A mixed picture of the housing market as 2023 gets underway

Nicky Stevenson, MD of Fine & Country

The start of 2023 paints a mixed picture of the housing market, a rosier start than in 2022 for some, a more hesitant one for others. This is according to Nicky Stevenson, MD of Fine & Country, who adds that realism versus aspiration is set to be critical for sellers transacting over the coming months.

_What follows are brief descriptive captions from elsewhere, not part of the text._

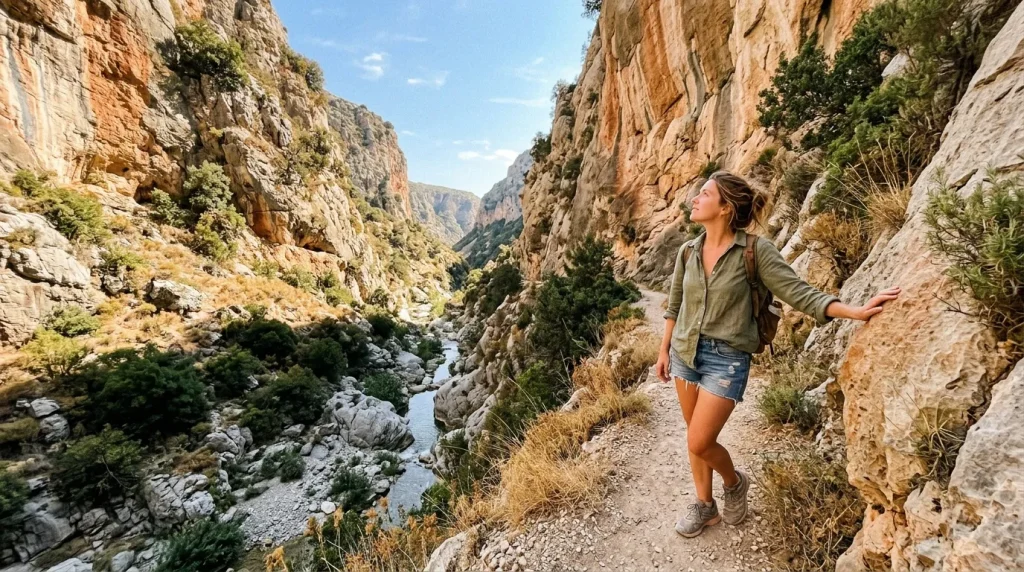 Femme randonneuse admirant un canyon avec rivière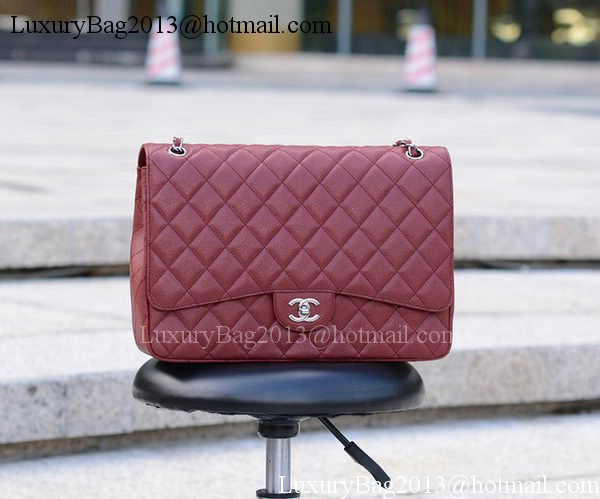 Chanel Maxi Quilted Classic Flap Bag Maroon Cannage Pattern A58601 Silver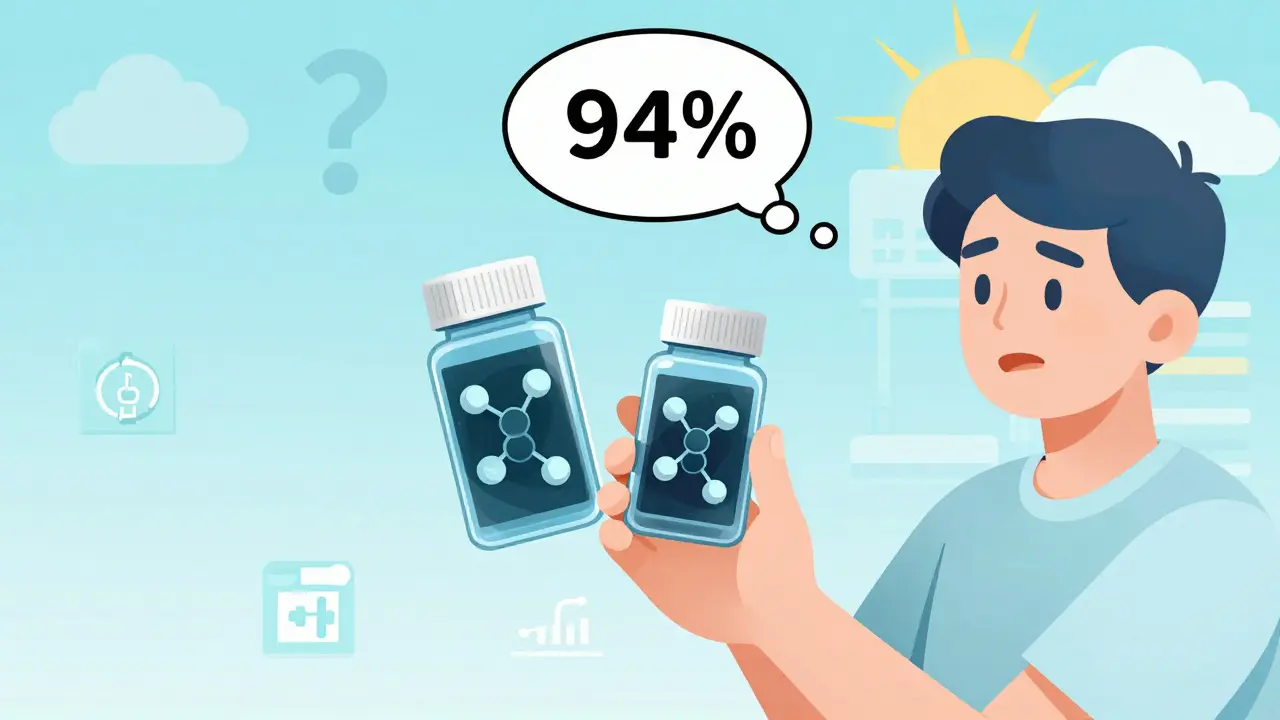 Patient holding pill bottles with transparent view showing same molecular content inside each pill.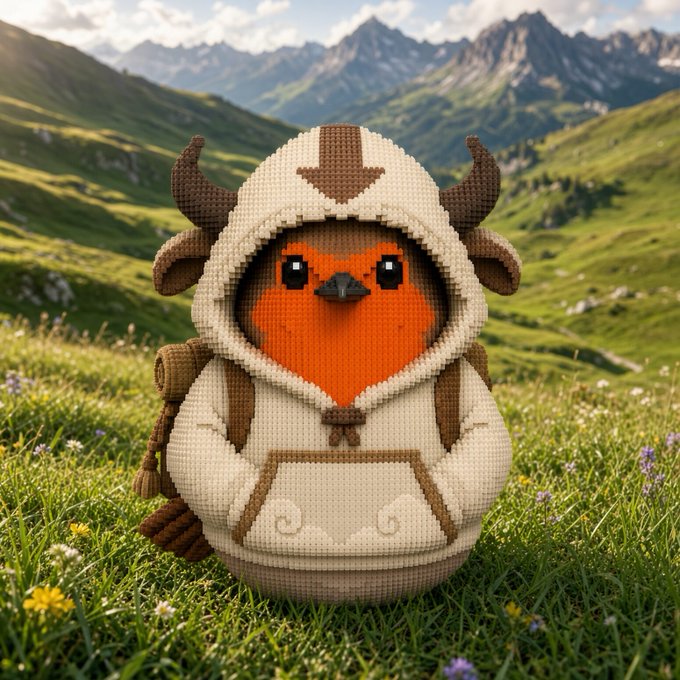 A 3D-rendered, knitted-style plush toy resembling a bird in a horned hood sits in a grassy alpine meadow with mountains in the background.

She notes that to a large extent the housing market continues to let the dust settle on the understandably chaotic final quarter of 2022. “The Bank of England indicates that December mortgage approvals, at 35,600, were at their lowest level since the Global Financial Crisis, down by nearly a third quarter on quarter. However, Rightmove report the number of prospective buyers contacting agents at the start of the year was up 4% compared to the last ‘normal’ market in 2019. The start of January was also the third busiest day on record for property valuations, considered a sign of future demand,” Stevenson comments.

She adds that by the end of January, the swap rate had pared back to 3.8%, its level of early September. Although the base rate of interest has just risen to 4%, it looks likely to stay below 4.5%. “These factors, together with the latest forecasts for the UK economy, mean that mortgage approvals are likely to settle somewhere above December’s level. There are signs too that inflation has peaked, and the latest independent forecasts for the UK economy released by HM Treasury paint a tentatively more optimistic picture, with the economy now expected to contract in 2023 by less than 1%,” says Stevenson.

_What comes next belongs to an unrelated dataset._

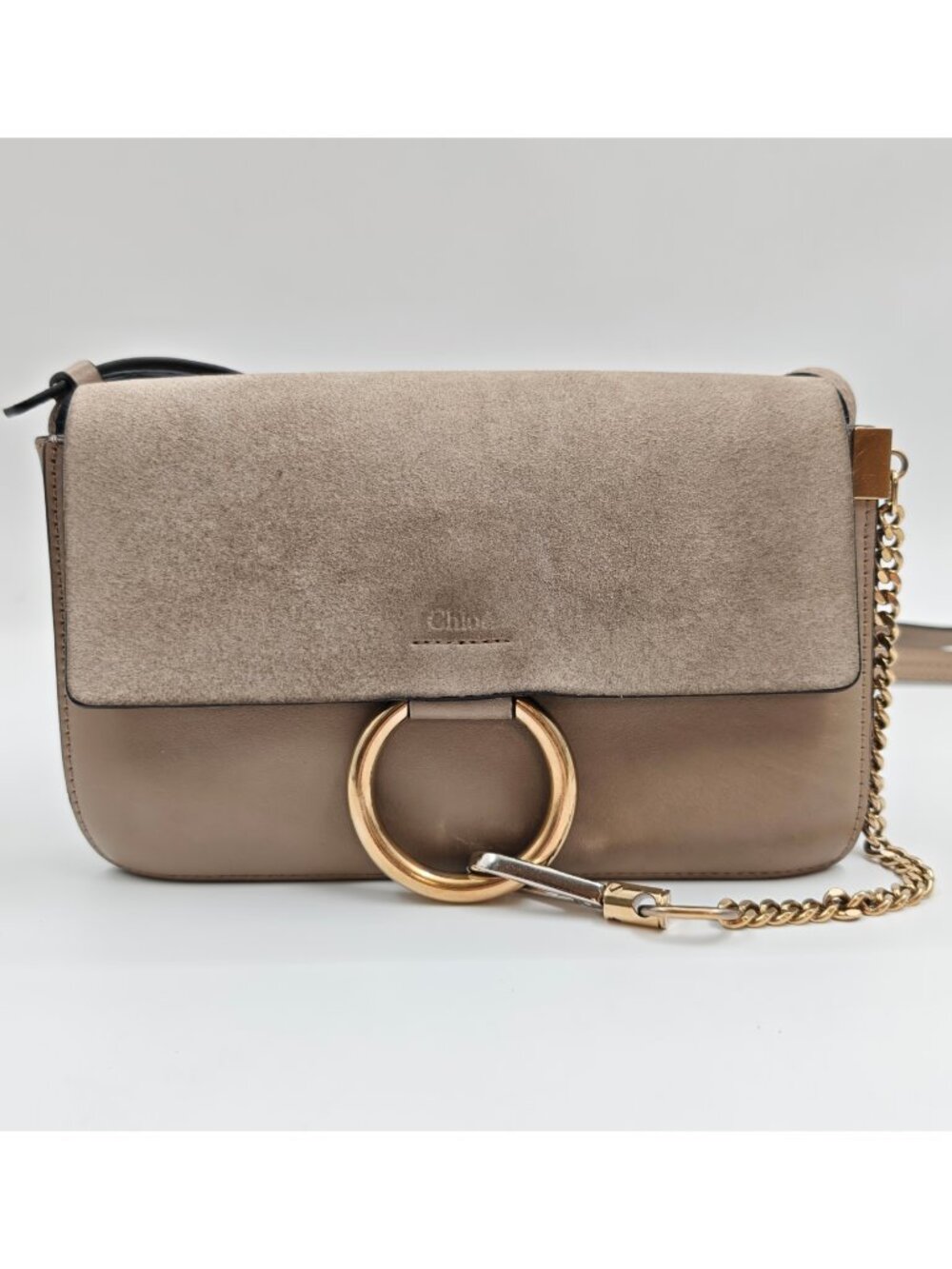 Chloe Suede Calfskin Small Faye Shoulder Bag Grey Grossbody Bag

The rate of house price growth continues to moderate. Nationwide report annual price growth in January fell to 1.1%, down from 2.8% in December, and all major indices indicate month-on-month marginal falls in prices. “This contrasts with new seller asking prices which rose by 0.9% in January, the equivalent of £3,301, however, they are over £8,000 lower than their peak in October. With the market of 2023 set to be dominated, at least in the short term, by needs-based buyers as opposed to discretionary buyers, price sensitivity will be key to securing interest and offers, with the supply/demand pendulum likely to swing back in the favour of buyers,” Stevenson comments. “As many have commented, gains achieved in the market in recent times mean that for the majority of sellers a reduction in asking price is unlikely to translate into a financial loss when compared to the purchase price, rather sellers need to ensure their aspirations align to current market conditions.”

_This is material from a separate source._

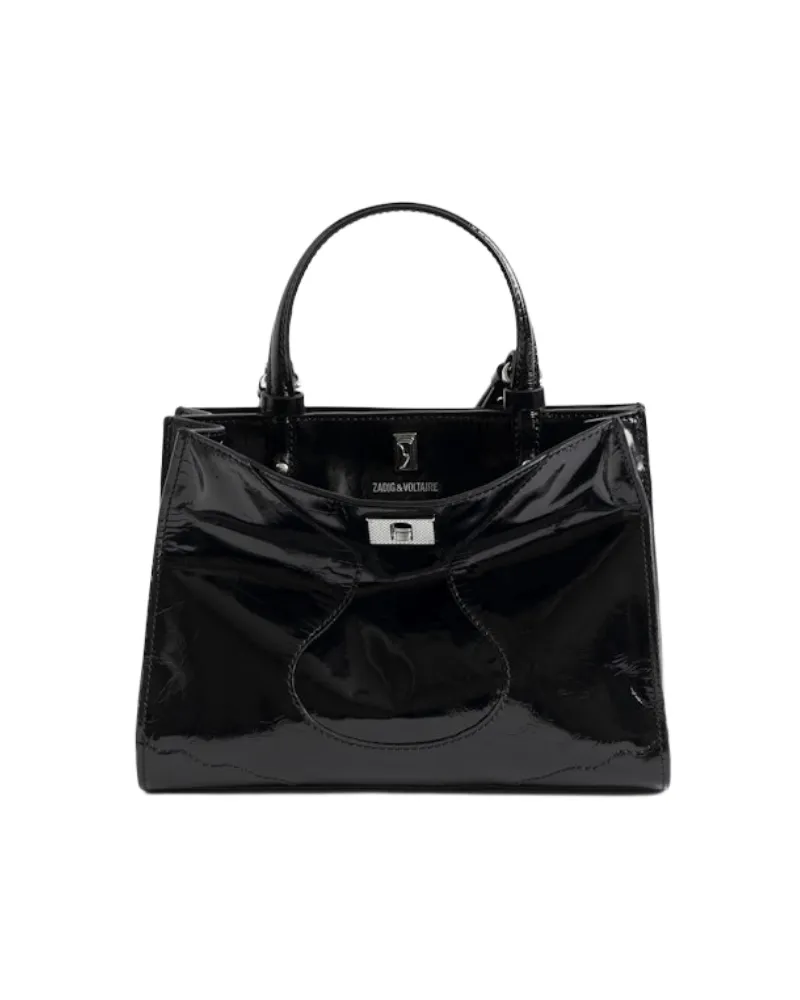 Zadig & Voltaire Jack Mini Vintage Patent Tasche Schwarz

Focusing specifically on the prime sector, Stevenson says that year-on-year price growth in the premium markets is currently outpacing the wider market. “The 10.8% annual price growth continues to be fuelled by high value activity in London and across the South. At £851,000 the prime market price threshold has risen by over £125,000 compared to January 2021,” she notes. 

According to Stevenson, the recently released data from the 2021 Census indicates that there are close to 25 million households in England and Wales, of which 62% are in home ownership. This is down from 63% in 2011. “Such properties are either owned outright or owned with a mortgage or a loan. Mortgage status that has been recorded by the census since 1991 and Census 2021 marks the first time the data has shown that a greater proportion of homeowners are now mortgage free, at 53%, up from 47% in 2011. Wales and the South West boast the highest proportion of mortgage-free homeowners of all regions of England and Wales, while only in London is the proportion lower than 50%,” she concludes.